The state of the art in this field changed several years ago when advances in both computer software and hardware made feasible direct calculations of the effective properties of so-called “digital" rocks (e.g., Arns et al., 2002; Saenger et al., 2004).

Numerical studies performed to date not only helped to assess the accuracy of existing effective media schemes but also revealed a number of features important for fracture characterization that either went unnoticed or were not sufficiently well understood in the past. The most recent findings can be briefly summarized as follows:

1. The linear-slip theory of Schoenberg is typically more accurate than both of Hudson’s first- and second-order approximations.

2. The irregularity of crack shapes, roughness of their faces, and presence of fracture intersections have little influence on the effective elasticity. This implies, for instance, that low-frequency seismic waves are not sensitive to the difference between interconnected and isolated cracks.

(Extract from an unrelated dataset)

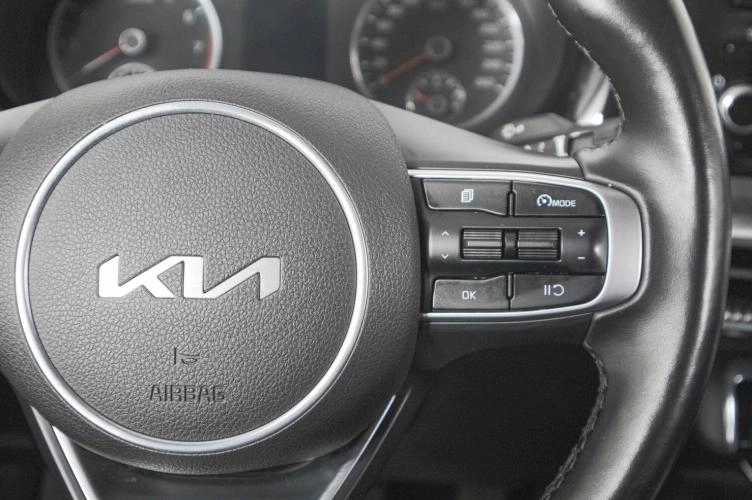 KIA K5 17 из 23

3. If fractures are embedded in otherwise isotropic host rock, the symmetry of the crack-induced anisotropy is close to orthorhombic for any fracture orientations, shapes, and types of infill. Even though this property has been known for many years (Kachanov, 1980), it was only recently used to devise fracture-characterization techniques capable of handling multiple fracture sets (Grechka and Kachanov, 2005).